# Panama City surf fishing



## Jasper (Jun 17, 2008)

Anybody had any luck surf fishing in PC lately? We're headed down tomorrow for a baseball tournament. I won't have time to hit the jetties, but plan on getting up early in the mornings before the games and throw a straw rig in the surf for a little while. We're staying off of Thomas Drive.

Thanks!


----------



## robertyb (Jun 17, 2008)

Jasper said:


> Anybody had any luck surf fishing in PC lately? We're headed down tomorrow for a baseball tournament. I won't have time to hit the jetties, but plan on getting up early in the mornings before the games and throw a straw rig in the surf for a little while. We're staying off of Thomas Drive.
> 
> Thanks!



I have not been down this year (boycotting cause of the pier) but you have the right idea. Straw rigs and small jigs/spoons should do pretty well off the beach. I would think the ladyfish will be in the surf pretty good.


----------



## Jasper (Jun 17, 2008)

robertyb said:


> I have not been down this year (boycotting cause of the pier) but you have the right idea. Straw rigs and small jigs/spoons should do pretty well off the beach. I would think the ladyfish will be in the surf pretty good.

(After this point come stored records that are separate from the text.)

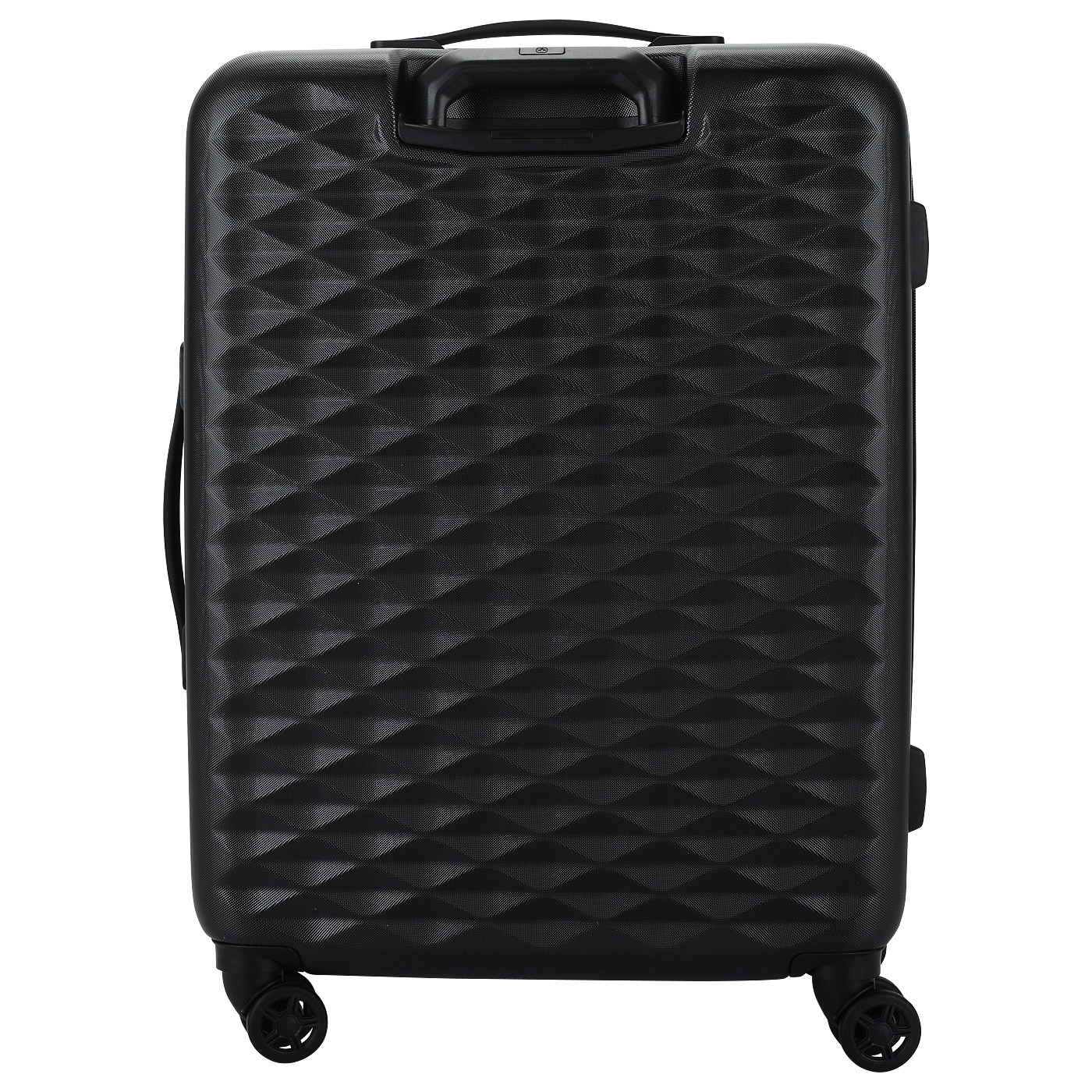 Чемодан средний M из поликарбоната с кодовым замком Wenger Lumen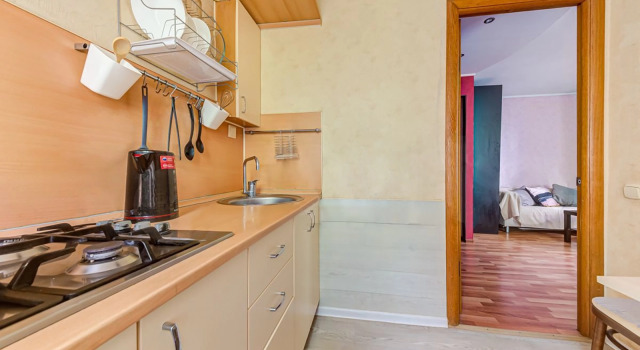 HanakaNa Volgogradskom Prospekte 141 Apartments, Rezervovat Apartmán Hotely v UVAO Area s parkováním, Parkování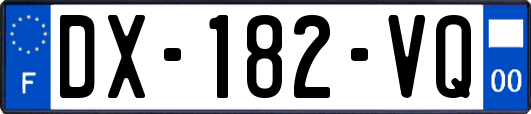 DX-182-VQ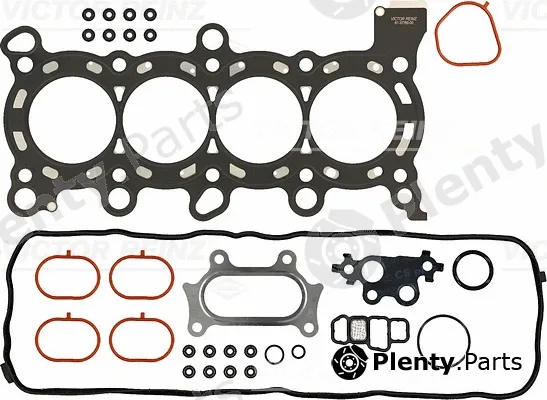 Victor Reinz 02-37760-02 — Gasket Kit, cylinder head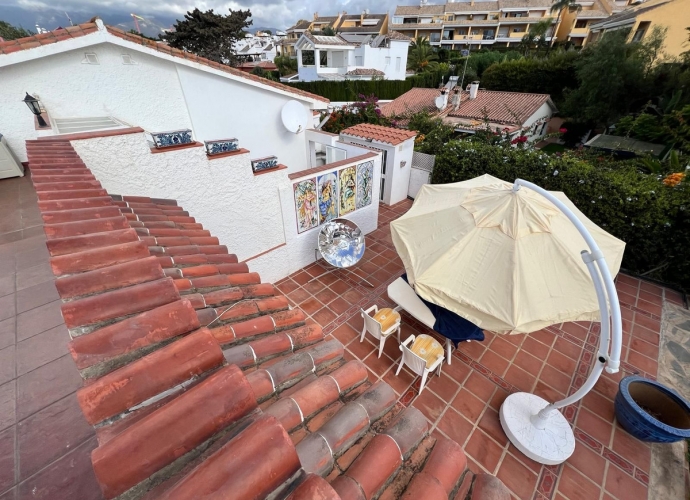 Villa Independiente en Costabella - 5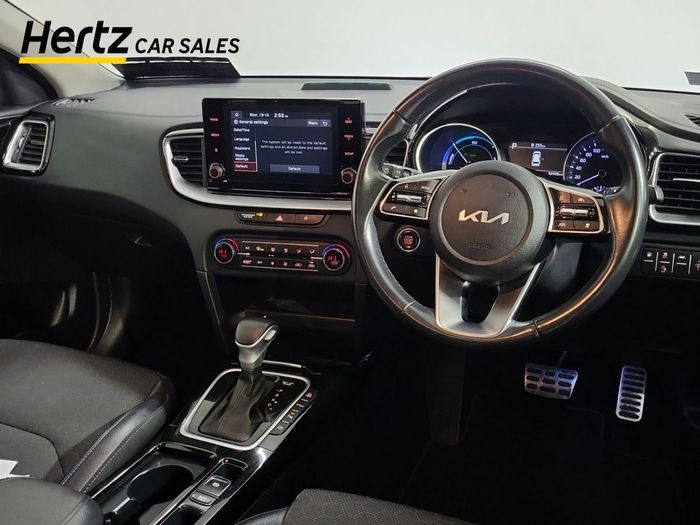Kia Ceed 2024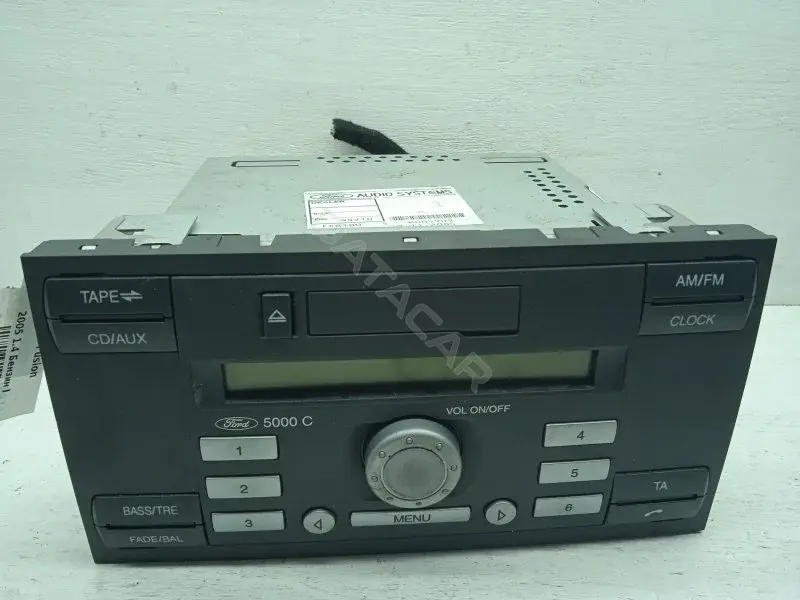 Магнитола 6S6118K876AF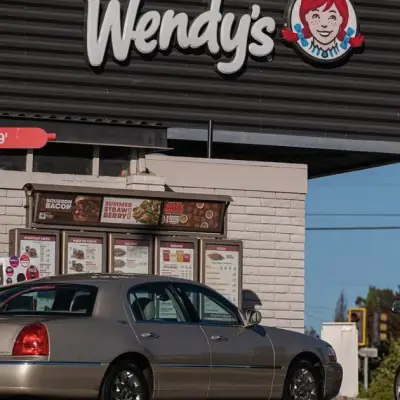 Wendy's Shares Rally as Meme-Stock Traders Pile In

I most pier fish instead of surf fish. Do you normally cruise the beach looking for feeding schools and watching the birds or just blind cast?


----------



## Sultan of Slime (Jun 17, 2008)

I just set 3 of my big cat poles out in pvc with cut bait and while i am waiting on them I throw a DOA shrimp on a 1/2 oz head and catch a few small flounder.


----------



## pbmang (Jun 17, 2008)

I have always been curious about the straw rig.  What kind of rod/reel do you throw it on and how do you work it?  I bass fish all the time, but am very novice at the surf fishing.  I love it, but I'm not very good at it.


----------



## Trizey (Jun 17, 2008)

pbmang said:


> I have always been curious about the straw rig.  What kind of rod/reel do you throw it on and how do you work it?  I bass fish all the time, but am very novice at the surf fishing.  I love it, but I'm not very good at it.



It can be thrown on any setup you want and you just pop it across the top.  So easy a caveman can do it.


----------



## Paymaster (Jun 17, 2008)

Trizey said:


> It can be thrown on any setup you want and you just pop it across the top.  So easy a caveman can do it.

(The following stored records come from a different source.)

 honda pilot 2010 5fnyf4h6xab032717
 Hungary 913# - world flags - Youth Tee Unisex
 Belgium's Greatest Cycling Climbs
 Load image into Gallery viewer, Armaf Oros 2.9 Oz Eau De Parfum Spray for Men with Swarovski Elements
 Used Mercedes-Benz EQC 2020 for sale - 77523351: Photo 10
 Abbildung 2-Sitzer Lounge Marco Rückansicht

The above is correct. You can throw it a mile with water , paraffin or bird shot in the bubble float. Then retrieve slow, fast or in a jerk to attract fish. If bait fish are present and the bigger fish are chasing, just cast in there amongst them and hang on.


----------



## robertyb (Jun 17, 2008)

Jasper said:


> I most pier fish instead of surf fish. Do you normally cruise the beach looking for feeding schools and watching the birds or just blind cast?



I am a pier fisherman also. I used to surf fish though from the Condos. I could usually just go out at first light and see schools of ladys, etc. running the beach just past the first breakers. I still see them when I walk the beach usually.


----------



## pbmang (Jun 18, 2008)

Cool, thanks guys.  Will a beefed up bass rod work. or should I pull out something a little heavier/more line capacity?


----------



## robertyb (Jun 18, 2008)

Bass rod will do fine.


----------



## DBM78 (Jun 18, 2008)

pbmang said:


> Cool, thanks guys.  Will a beefed up bass rod work. or should I pull out something a little heavier/more line capacity?

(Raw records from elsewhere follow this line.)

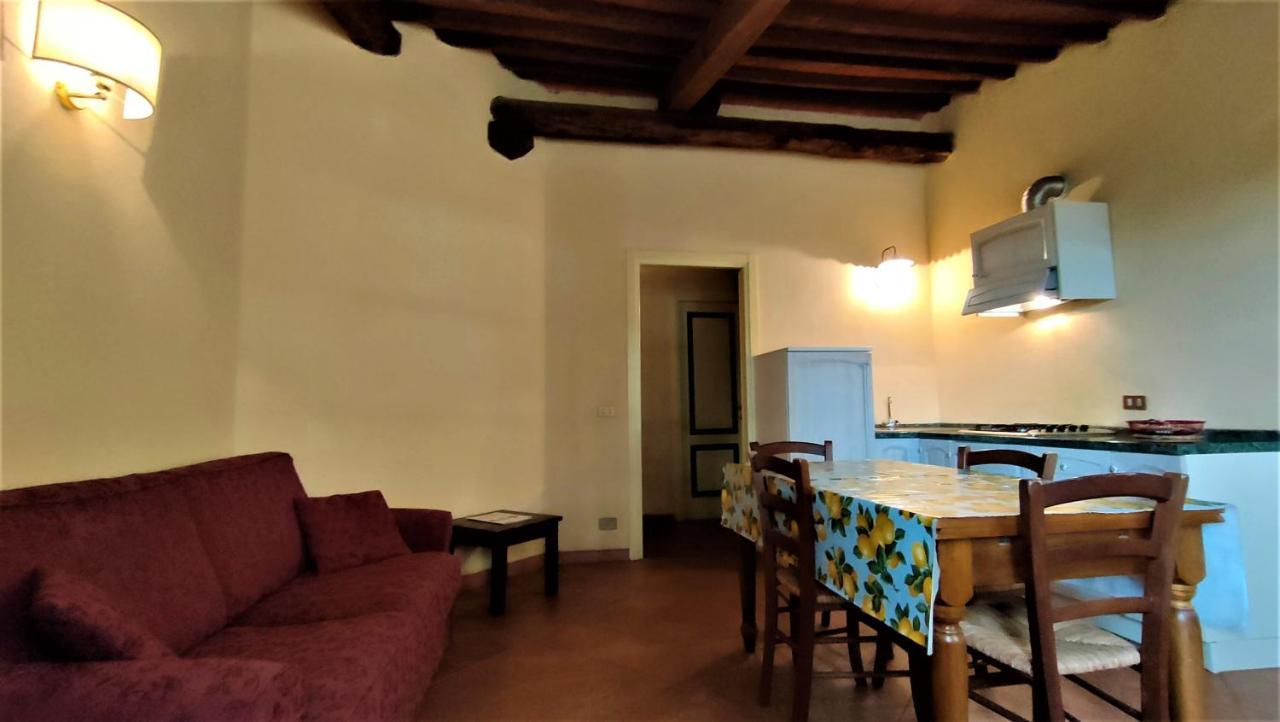 Villa Bellaria Campagnatico Dış mekan fotoğraf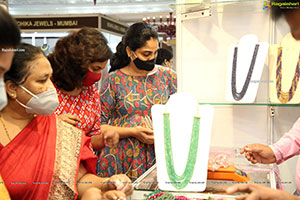 Zak Jewels Expo 136th Edition at Taj Krishna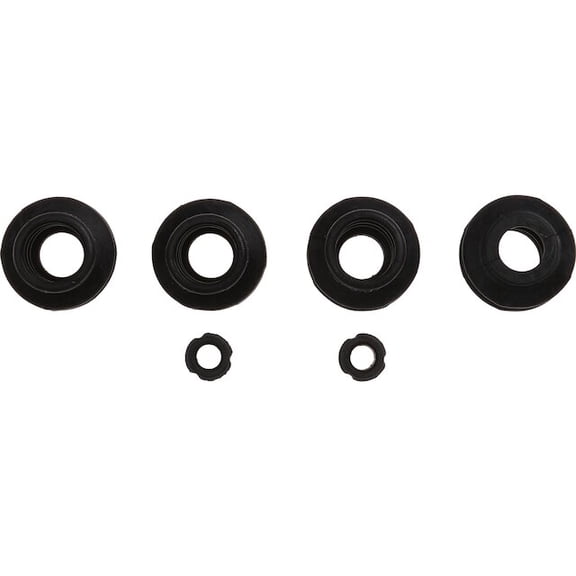 Rear Disc Brake Caliper Guide Pin Boot Kit - Compatible with 2013 - 2020 Nissan Pathfinder 2014 2015 2016 2017 2018 2019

Take you a med heavy spinning rod 6'6,  7ft and buy you a cheap spinning reel from walmart like abu garica or mitchell 30/40 dollars don't take any of your good freshwater stuff down there in the salt. If I was you I would got to walmart down there by the beach cause they carry saltwater lures. Get you a couple of gotcha plugs its just a lead chrome tube. Cast it out and work it like a jerk bait but faster and harder you can't work it fast enough. Maybe look at some of the spoons also and jigs. As far as the line goes get you some spiderwire/power pro 30lbs 125 yards should be good. If you going to use the straw rig don't forget about wire leader maybe 12 inch long cause if you get into some blue fish you will be retieing all day. If you have any more questions post them. Good luck and give us a fishing report when you get back.


----------



## deerstand (Jun 19, 2008)

*surf fishing*

yeah, dont forget the report, im heading down on the 28th. last year we killed ladyfish from the shore in the AM on straw rigs. my 10 yr old had a ball.
 and i second the idea of just buying an old el' cheepo'. i have ruined a couple of good bass reels down there. i dont care how long or how good i wash, i cant get all the salt out.


----------



## Paymaster (Jun 19, 2008)

Ones I use were bought at WalMart for around $30. I have used one for 3 years now and the other was purcased last year. Here is a picture of one leaning against the cart I built for beach and pier fish'n.


----------



## duckbill (Jun 19, 2008)

I bought a Shakespeare saltwater/surf spinning combo at a Walmart close to the beach for $33.  I would much rather pay that and replace it every other year than to ruin my bass rigs.


----------



## hortonhunter22 (Jun 19, 2008)

ive used the reels like Paymaster has up there and they are more than enough to handle anything but a large shark or ray....i have caught 2 reds around 40 inches or so off those rods....good investment for sure.  good drag as well


----------



## DBM78 (Jun 19, 2008)

I use bought a penn reel and rod for bottom fishing from the pier or beach. Its 7ft med/heavy spinning rod and I got a penn captiva reel for like $55 online. Thats just for my fish finder rig. If I'm casting for blues or ladyfish I use a 6'6 med/heavy freshwater rod and cheap spinning reel like I listed above. Another thang if using a surf fishing rod or rods don't forget to go to home depot or lowes and get you 2 1/2 PCV for you sand spike. I got 2 I use and they are about 3 1/2 long not the little cheap ones you by a walmart. You can bury them deep and people are able to walk under line while your fishing.


----------



## Dustin Pate (Jun 20, 2008)

If you don't want to ruin your reels invest in some Reel Magic and spray it on the reel and rod guides after every time you use them. I use the same reels in fresh and salt and some that are strictly my inshore and light surf rods and I have had ZERO problems in the last 7-8 years. I am also very careful about dunking reels.


----------



## robertyb (Jun 20, 2008)

Here are a few good saltwater reels:


----------



## robertyb (Jun 20, 2008)

And a good reel for dunking:


----------



## Paymaster (Jun 20, 2008)

Great pic robertyb,thanks for sharing.


----------



## LureheadEd (Jun 21, 2008)

Nice Penn collection, Robert....


----------



## robertyb (Jun 21, 2008)

LureheadEd said:


> Nice Penn collection, Robert....



Thanks,

That is my collection, I fish the Penn Zs only at this point besides my VS. Can't make myself use the greenies yet.


----------